Alex will never face a Career Field Designation form. The Marines are a specialized service more heavily organized around the infantry. But he has a more immediate dilemma ahead. Alex relocated during the last week of April to a short, temporary assignment. Then he's off to a duty station, the absolute reverse of the freedom he has enjoyed here: tight quarters, tiny community, with everyone knowing everyone else's business. "Any [homosexual] contact with anyone is unthinkable," he says.

So how does he plan to behave, how does he expect to cope? He echoes the themes Brett and Drake keep repeating about their futures: "I don't know. I don't live in a hypothetical world, so I don't know what I'll do. It's irrelevant now. Military training says we don't worry about what we can't change."

Drake happily seconds that sentiment. After years of feeling terrified of exposure, he faced one of the worst possible scenarios at Tracks this February, but the would-be disaster proved a turning point in his personal development.

Jason was so supportive that Drake has come out to one straight friend after another since February. "I've got six straight friends that routinely go to hockey matches and baseball games and stuff and I'm like their ..." He pauses, searches for a way to describe it. "I'm like their queer buddy."

Since that incident, Drake has spent nearly every weekend with Jason and his girlfriend, and has developed a whole new sense of identity. "They're the first straight friends that I've ever been out to," he says. "Being with them and being honest with myself has really helped me come to terms with who I am and accept the fact that maybe I am capable of being in love and maybe I'm just adult enough to make it work. It's a goal. I never had a goal before that involved my love life."

In April, these friends inspired him to pursue a dormant long-distance romance that had sizzled briefly after a trip to the West Coast last Fourth of July. He has made several trips back this spring, fallen head over heels and lined up his next duty station for the man's hometown. "It's the first time it's ever happened to me," he says. "And it's really funny too, because it's all I think about. It's pathetic."

Just before Memorial Day, Drake casually mentions in a final round of follow-up interviews that he has gradually let go of the general's-star dream. "I would love to make general, but I will never be married and there have only been two nonmarried modern generals," he says. "I don't think general is a possibility, but I do think I'll be a colonel." He says it so nonchalantly, it's hard to believe he's the same blustery guy on the verge of belting me for suggesting the danger over lunch at Brett's last February.

He lets out a good belly laugh at being reminded of how heated our discussion grew. "I think being acknowledged and accepted has given me pause," he says. It "has kind of mellowed me out a little bit, to become more accepting of myself and less of a 'Fuck them all, I've got to prove something.' I will have proved something to myself every time I get promoted and every time I get to a point where I didn't think I was going to be."
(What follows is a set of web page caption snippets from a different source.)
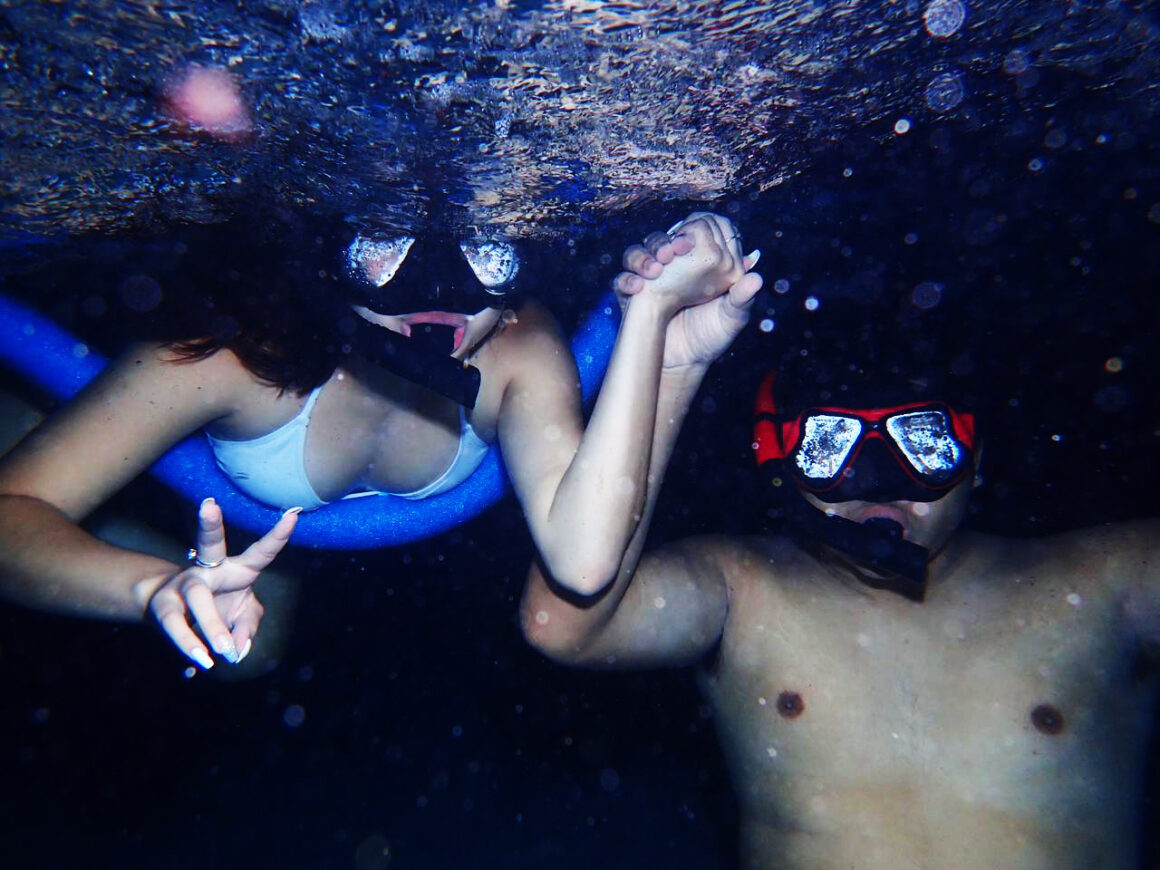 Night Snorkel Adventure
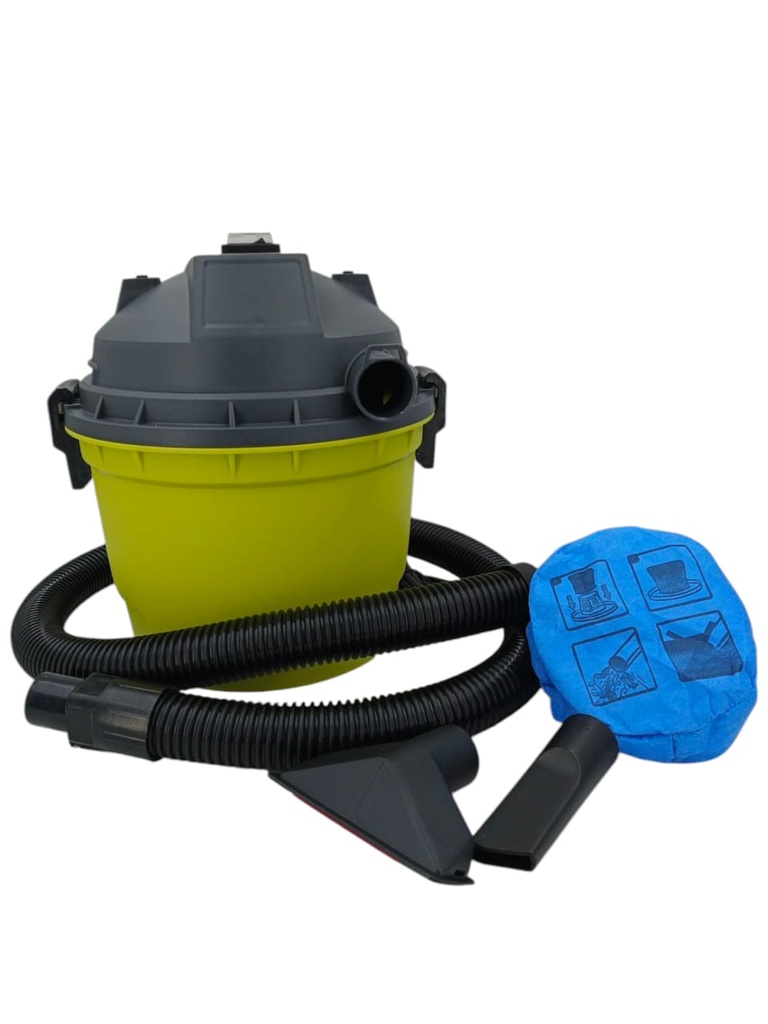 ASPIRADORA 500W 6 Lts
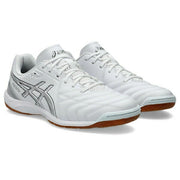 Immediate shipping. Asics Futsal Shoes Calcetto WD 9 asics Wide Fit 1113A037-103 ◎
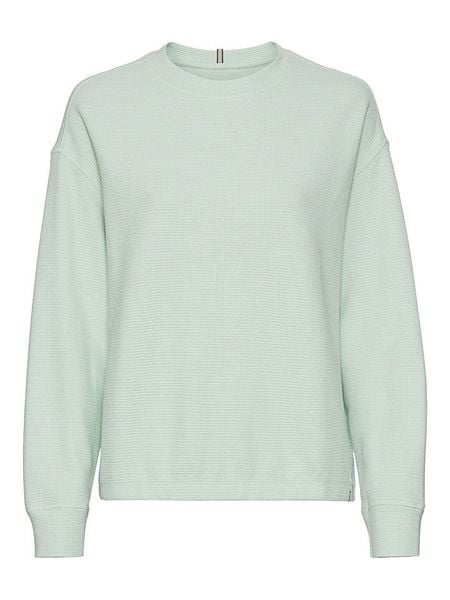 Camel Active Bluza w kolorze zielonym rozmiar: XXL. Zielone bluzy bez kaptura damskie Camel Active, xxl, z bawełny. Za 164.02 zł.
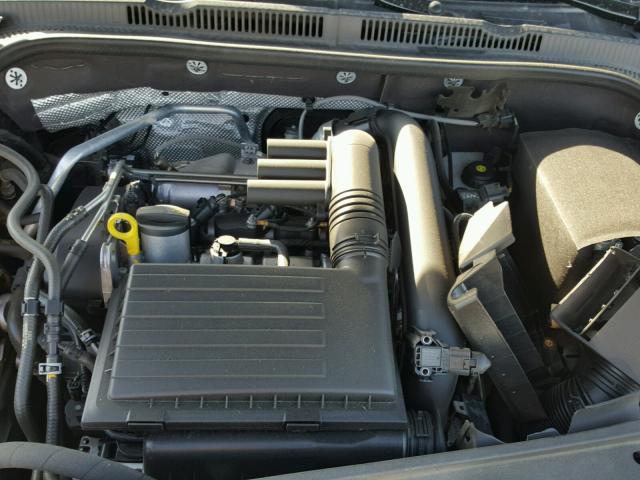 3VW2B7AJ4HM316302 - 2017 VOLKSWAGEN JETTA S 黑色 照片 7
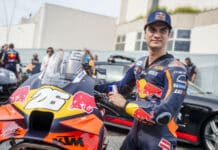 MotoGP estrena la iniciativa “Legends Parade” durante la celebración del GP de Austria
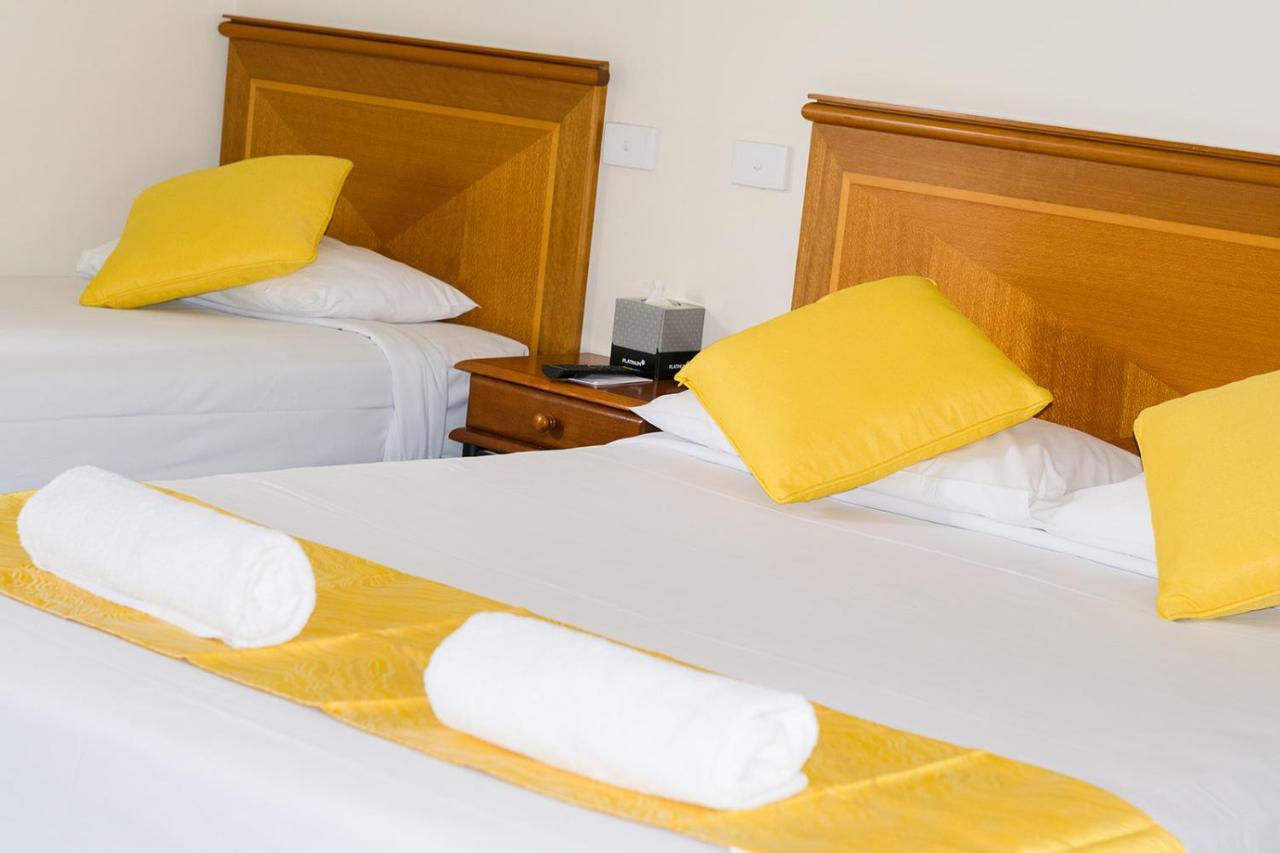 Echuca Motel Экстерьер фото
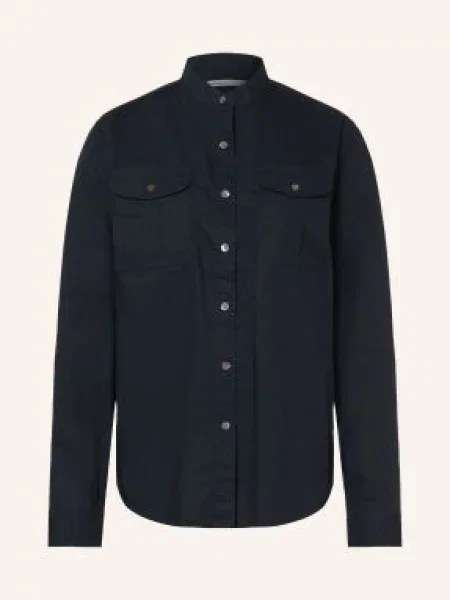 Allsaints Halenka Tess tmavě modrá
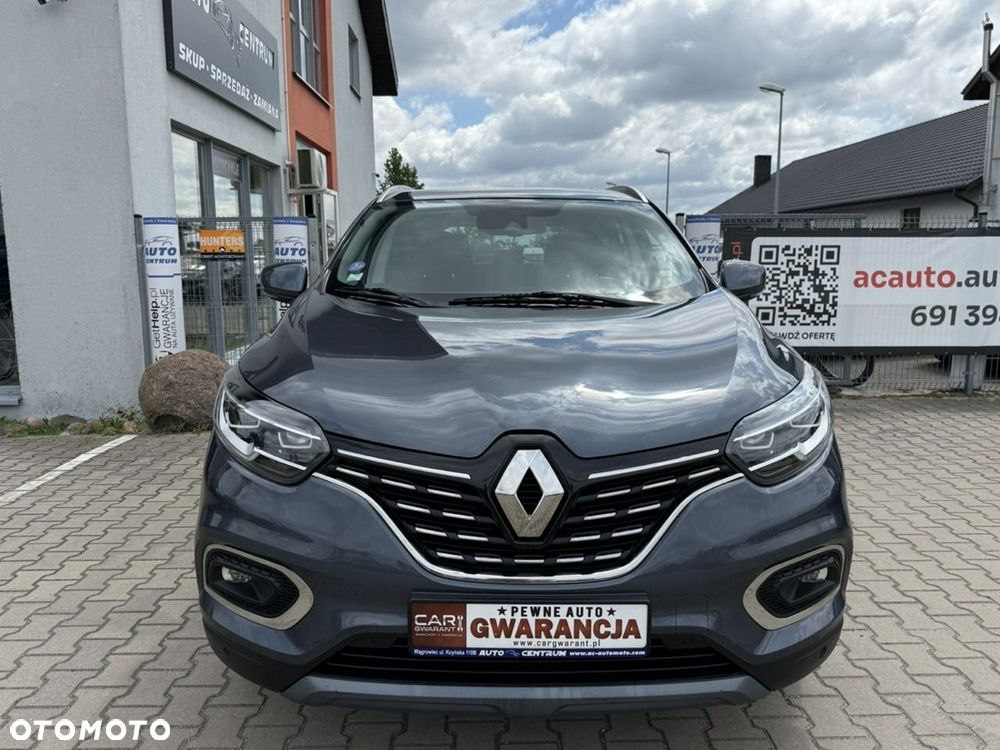 Renault Kadjar 1.3 TCe FAP Intens EDC - 4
He has even begun to let go of the idea of "the profession of arms," though he says that's strictly based on a profound attraction to a new specialty he began experimenting with last year, not because of his private life. "I could be sort of leaning toward this specialty, but my heart is still in the combat arms," he says. He says he has "a lot of soul-searching to do" before his own Career Field Designation form is issued.

Suddenly, the man dead certain of every significant goal appears lightheartedly open to serendipity. "I remember when we first started talking, [I was saying,] 'Hell no! I may be at a crossroads, but by God, my turn indicator is on and I know where I'm going!' Now I've sort of got my hazards on. I could go either way. I have no idea," Drake says. And he seems absolutely content with the unknown. "Who knows, they may somehow change the gay thing and I'll be the Army's first gay general," he laughs. "I have time on my side right now."

But in all his reassessments, one position remains absolute. He dismisses Jason's advice to leave the Army out of hand. "I can't imagine another way of life," he says. "It gives me a total sense of purpose. It is why I am."